Third, clinicians should anticipate the presence of false-positive alerts as an inherent feature of early warning systems, with direct implications for alert fatigue, trust, and workflow burden.

Together, these elements define a pragmatic, minimum AI literacy framework for clinicians, supporting the responsible integration of sepsis prediction models as decision-support tools rather than autonomous decision-makers.

8.3 Impact research design

The ultimate evidence to prove the clinical utility of the model comes from prospective impact studies. The research design can include: pre - and post control study: comparing the changes in clinical process indicators (such as antibiotic initiation time, fluid resuscitation volume) and clinical outcomes (such as mortality rate, ICU length of stay) before and after model deployment. Cluster randomized controlled trials (cRCTs): Randomly allocate medical units (such as wards or hospitals) to intervention groups (using models) and control groups (conventional treatments), which is the gold standard design for evaluating the effectiveness of clinical decision support systems (CDSS). A/B testing or silent mode deployment: Running the model in the real world without displaying the results to clinical doctors (silent mode) as a control to evaluate its potential impact. Although such research evidence is still scarce, some studies have begun prospective validation (50).
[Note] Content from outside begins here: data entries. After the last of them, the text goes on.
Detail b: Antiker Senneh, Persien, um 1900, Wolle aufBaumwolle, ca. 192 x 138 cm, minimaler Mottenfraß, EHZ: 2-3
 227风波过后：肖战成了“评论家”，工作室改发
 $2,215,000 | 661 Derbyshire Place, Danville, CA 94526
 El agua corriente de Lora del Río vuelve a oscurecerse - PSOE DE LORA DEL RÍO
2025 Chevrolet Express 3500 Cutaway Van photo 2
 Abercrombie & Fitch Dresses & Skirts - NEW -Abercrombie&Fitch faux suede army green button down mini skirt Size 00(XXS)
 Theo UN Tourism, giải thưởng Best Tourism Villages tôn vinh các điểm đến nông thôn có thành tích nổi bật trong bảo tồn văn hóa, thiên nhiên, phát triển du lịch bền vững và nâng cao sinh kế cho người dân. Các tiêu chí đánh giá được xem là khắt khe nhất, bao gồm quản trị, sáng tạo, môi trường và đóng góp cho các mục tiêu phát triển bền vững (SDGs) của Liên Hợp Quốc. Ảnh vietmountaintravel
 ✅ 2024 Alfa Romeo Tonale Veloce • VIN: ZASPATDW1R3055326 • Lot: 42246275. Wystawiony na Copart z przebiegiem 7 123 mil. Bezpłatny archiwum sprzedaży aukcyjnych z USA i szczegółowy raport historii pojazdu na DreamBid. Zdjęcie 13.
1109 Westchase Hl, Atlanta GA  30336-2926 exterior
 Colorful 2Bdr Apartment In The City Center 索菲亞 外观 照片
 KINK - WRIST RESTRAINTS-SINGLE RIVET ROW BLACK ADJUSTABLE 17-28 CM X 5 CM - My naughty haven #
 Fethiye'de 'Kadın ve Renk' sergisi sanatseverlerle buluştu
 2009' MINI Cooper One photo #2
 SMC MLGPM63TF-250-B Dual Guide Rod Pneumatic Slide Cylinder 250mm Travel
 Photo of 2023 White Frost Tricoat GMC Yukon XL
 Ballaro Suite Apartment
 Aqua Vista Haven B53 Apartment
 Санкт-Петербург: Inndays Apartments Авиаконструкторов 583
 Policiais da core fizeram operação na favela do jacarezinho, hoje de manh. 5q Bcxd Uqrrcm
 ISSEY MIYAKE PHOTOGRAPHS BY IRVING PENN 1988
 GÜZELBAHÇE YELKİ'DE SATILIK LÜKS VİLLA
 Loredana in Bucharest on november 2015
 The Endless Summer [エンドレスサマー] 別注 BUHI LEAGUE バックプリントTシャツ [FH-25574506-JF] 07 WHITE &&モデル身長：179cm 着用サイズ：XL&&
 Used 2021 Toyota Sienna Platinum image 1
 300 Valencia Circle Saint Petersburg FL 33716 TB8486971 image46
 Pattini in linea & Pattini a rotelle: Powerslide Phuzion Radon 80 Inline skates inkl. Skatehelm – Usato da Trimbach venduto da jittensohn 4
8.4 Experience and lessons learned from deployed systems

The experience of a few sepsis warning systems already deployed in clinical settings, such as Epic’s Sepsis Prediction Model, suggests that their real-world performance may be lower than reported during the development phase (28), this highlights the importance of continuous performance monitoring and external recalibration. In addition, the design of human-computer interaction, interpretability of models, and how to avoid automation bias (i.e., excessive reliance on models while ignoring clinical judgments) are key factors determining the success or failure of the system.

8.5 Economic evaluation

In addition to clinical outcomes, the economic impact of model deployment should also be evaluated, including changes in healthcare costs, resource utilization efficiency, and bed turnover, and a cost–benefit analysis should be conducted.

9 Special populations and specific situations

The pathophysiology and clinical manifestations of sepsis vary depending on the population and context, requiring specific predictive models.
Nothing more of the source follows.